How hard is it to be just a little more careful when handling my bags? There’s no need to treat it like someone you’re angry with (an ex per se) and throw it away. For one, I’m paying extra money to bring this bag so you should be extra gentle with it. If it was free, I might be a little more understanding. Also, can we talk about general respect for people’s property. Like my uncle says ‘Don’t be afraid to treat it like your own’. Ah, the sound of wisdom.

Not to call out any specific airline, but recently I was traveling and had a checked bag so I took it to the counter. I smiled, tried to be friendly and polite with the airline representative through small talk, then gave her my bag. I wish this next part was a joke, but sadly, for the glass items in said luggage, it is not. She took my bag, lifted it onto the luggage belt (wheels down, so it was standing up), took two steps back, drew in a deep breath, moved forward and pushed (with all her strength plus the added weight of her momentum…remember the back-up) my luggage down. The sound of my 35 pound luggage crashing from its perch, ~2 feet tall, all the way down onto that belt turned my stomach. A lot of things shock me, but that took the cake. I just stood there with my mouth open until she looked past me and said ‘Next’ (with a smug smile on her face too).

Seems to me, from the playback above, that I did nothing to provoke that assault on my possessions. Needless to say, my glass souvenirs from the foreign country I was returning from did not fare so well. Was it the push? Was it a bumpy plane ride? Was it the throw from the cargo bay belt onto the cart by the baggage personnel on the tarmac? Hard to say, but I can still see that poor suitcase falling, falling, falling, unnecessarily might I add, to the unforgiving belt and bouncing a bit from the impact. 

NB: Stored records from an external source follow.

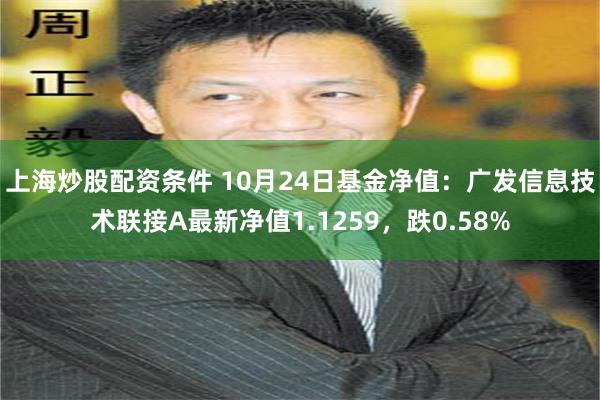 上海炒股配资条件 10月24日基金净值：广发信息技术联接A最新净值1.1259，跌0.58%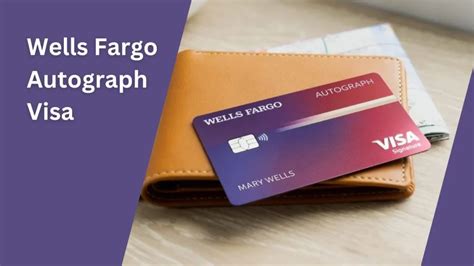 Wells Fargo Autograph Visa: A Signature Experience in Banking - Earn Money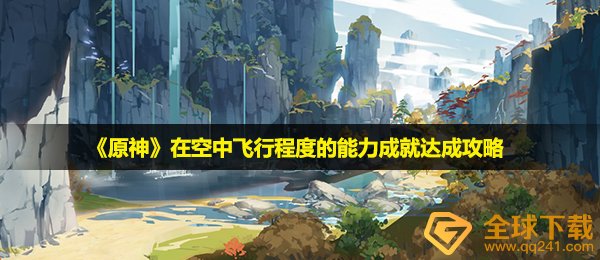 原神在空中飞行程度的能力怎么完成-在空中飞行程度的能力成就达成攻略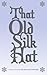 That Old Silk Hat
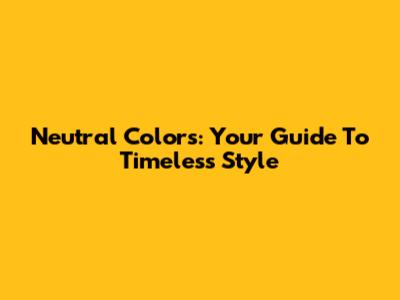 Neutral Colors: Your Guide To Timeless Style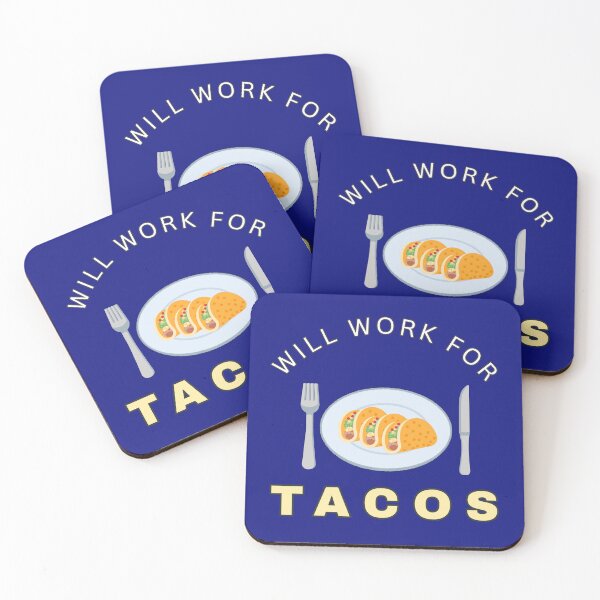 Item preview, Will work for Tacos designed and sold by fev-rocks.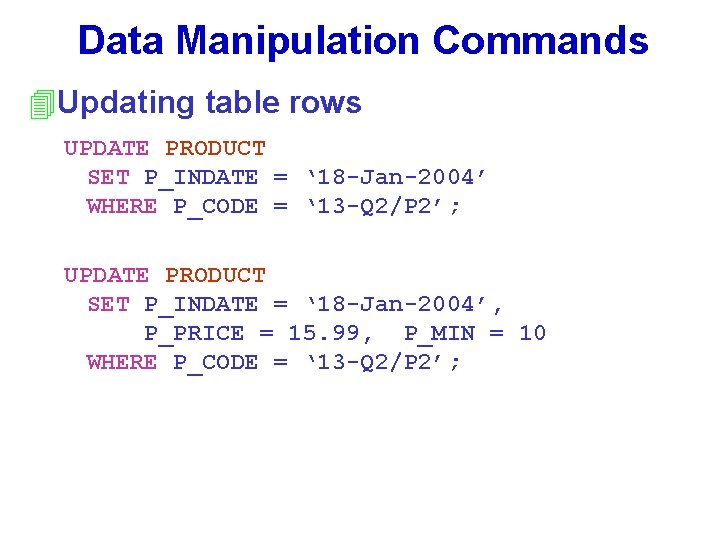 Data Manipulation Commands 4 Updating table rows UPDATE PRODUCT SET P_INDATE = ‘ 18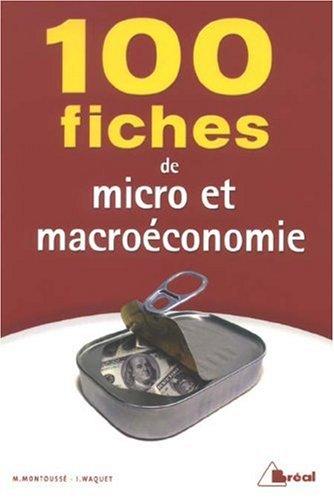 100 fiches de micro et macroéconomie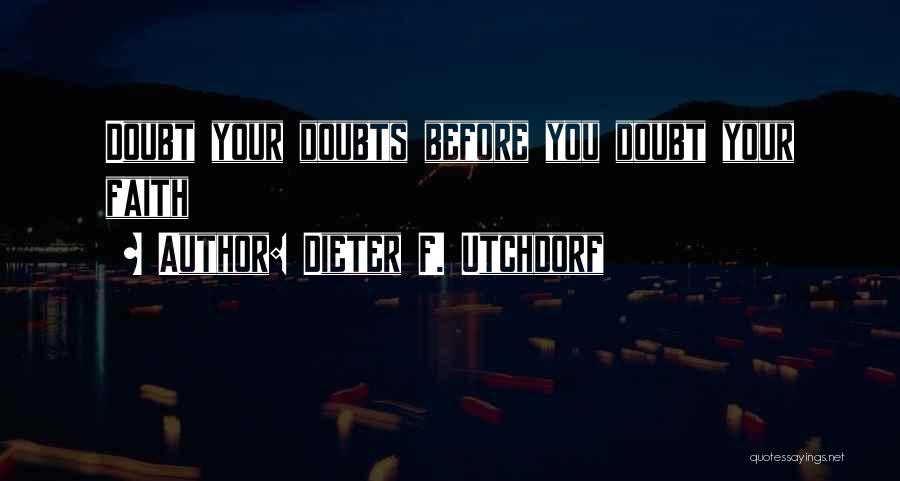 Dieter F. Utchdorf Quotes: Doubt Your Doubts Before You Doubt Your Faith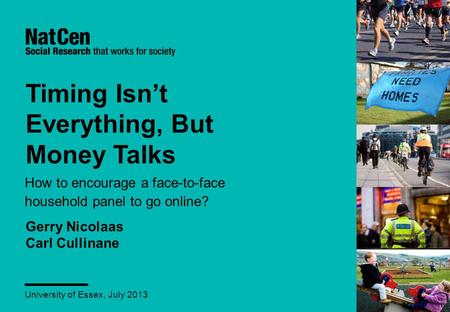 Timing Isn’t Everything, But Money Talks How to encourage a face-to-face household panel to go online? University of Essex, July 2013 Gerry Nicolaas Carl.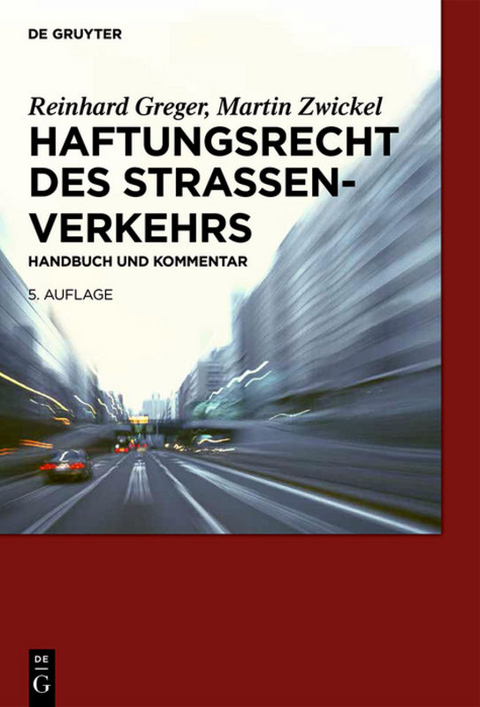 Haftungsrecht des Straßenverkehrs - Reinhard Greger, Martin Zwickel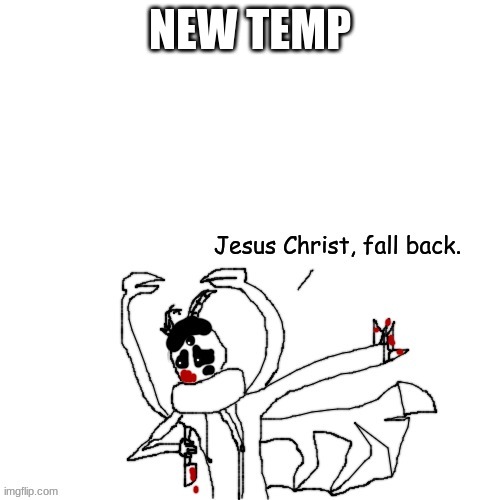 its like the "Jesus Christ, cease fire. Stay Back." meme | NEW TEMP | image tagged in carlos jesus christ fall back | made w/ Imgflip meme maker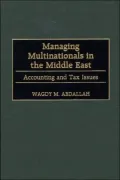 Managing Multinationals in the Middle East: Accounting and Tax Issues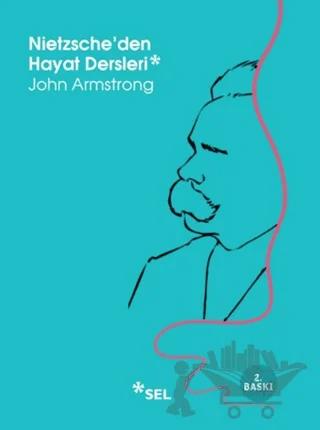 Nietzsche'den Hayat Dersleri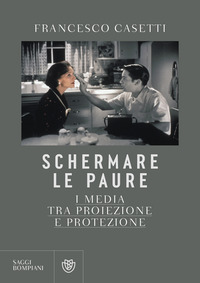 SCHERMARE LE PAURE - I MEDIA TRA PROIEZIONE E PROTEZIONE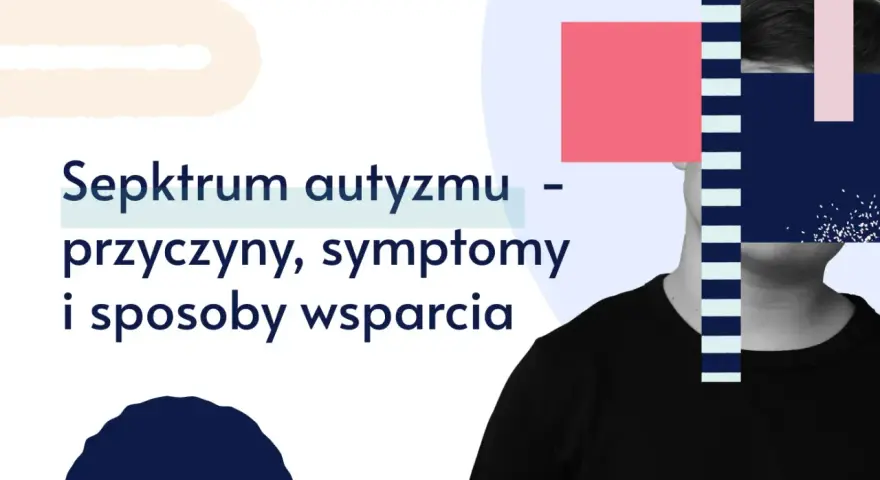Spektrum autyzmu – przyczyny, objawy i sposoby wsparcia. Grafika przedstawia sylwetkę osoby z geometrycznymi kształtami.
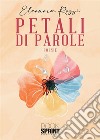 Petali di parole. E-book. Formato EPUB ebook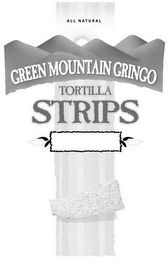ALL NATURAL GREEN MOUNTAIN GRINGO TORTILLA STRIPS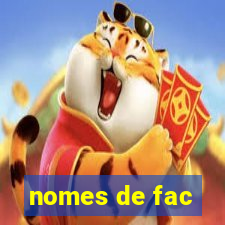 nomes de fac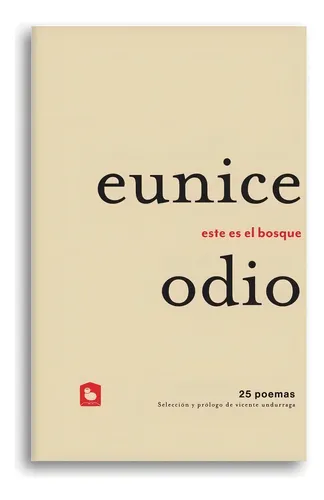 Libro Este Es El Bosque Eunice Odio La Pollera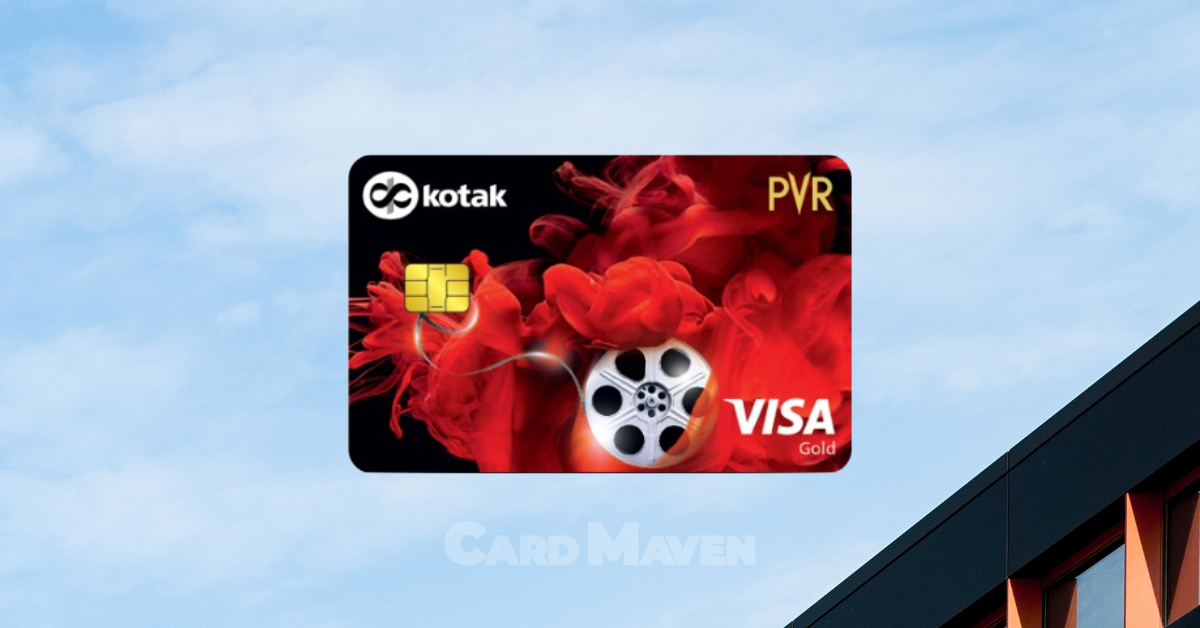 PVR Kotak Gold Credit Card Review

Why is the whole process of handling bags so cruel? I think for starters, they should start referring to it as bag caring instead of bag handling. You handle something that’s about to blow up in your face. You care for something that has been entrusted to you so it’s returned in the same condition you received it in. Would it be more difficult to set bags on the cart instead of tossing them in? I’m thinking it might actually be easier and less of a workout. Would it be more difficult to set luggage flat on the belt? Also, I’m thinking the answer is an easy no here. Would it be more difficult for luggage companies to make shock absorbent suitcases that prevent injuries to innocent, delicate items from certain impacts? Alright, this is probably more difficult, but someone should look into it. I would do it, but I’m a little busy voicing my concern over the safety of suitcases everywhere.

As a quick recap:

  • Airlines pushed down my luggage
  • Items were hurt in the crossfire
  • I, The Restless Professional, felt massive sadness and shock…in public
  • I, The Restless Professional, care about getting this changed for the greater good of everyone
  • Don’t treat my luggage like your ex – love it like a puppy, or a child, or your car, or your phone, or whatever it is you love
  • If you love nothing, please consult a professional, that doesn’t sound normal

Alright, jumping off my pedestal for now. If you too have experienced this, don’t tell me – I’ve been there, no need to waste time comparing victim stories. Go straight to the source. Thanks for reading!